Exercise requirements:
Copy out the whole listing exactly as given. Skip the pictures.

Material provided:
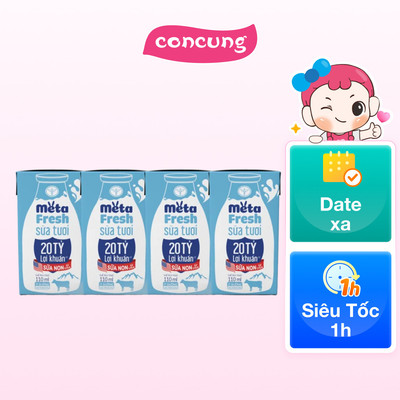 Sữa Tươi Tiệt Trùng MetaFresh Lợi Khuẩn 110ml (lốc 4 hộp)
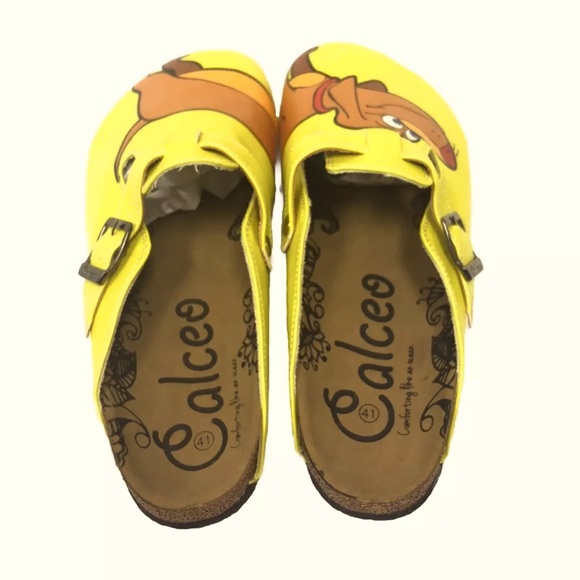 Calceo Yellow Colored And Brown Dachshund Dog Patterned Clogs - Picture 4 of 7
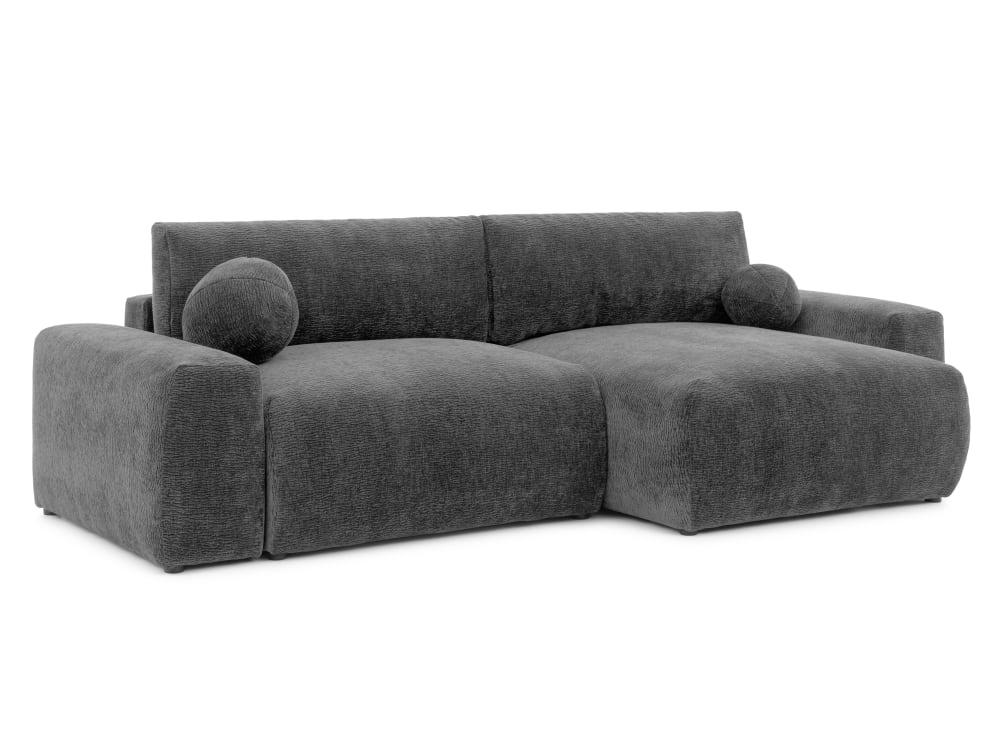 Wohnli Möbelsuche - Weiches Ecksofa mit Schlaffunktion aus Stoff mit Chenillestruktur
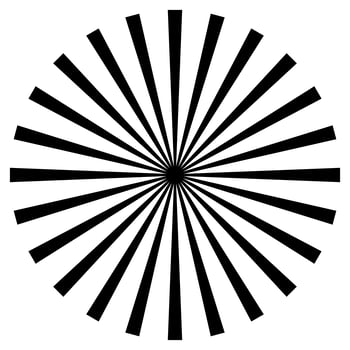 black and white beams element. Sunburst, starburst shape on white. Radial circular geometric shape. vector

Task response:
 Sữa Tươi Tiệt Trùng MetaFresh Lợi Khuẩn 110ml (lốc 4 hộp)
 Calceo Yellow Colored And Brown Dachshund Dog Patterned Clogs - Picture 4 of 7
 Wohnli Möbelsuche - Weiches Ecksofa mit Schlaffunktion aus Stoff mit Chenillestruktur
 black and white beams element. Sunburst, starburst shape on white. Radial circular geometric shape. vector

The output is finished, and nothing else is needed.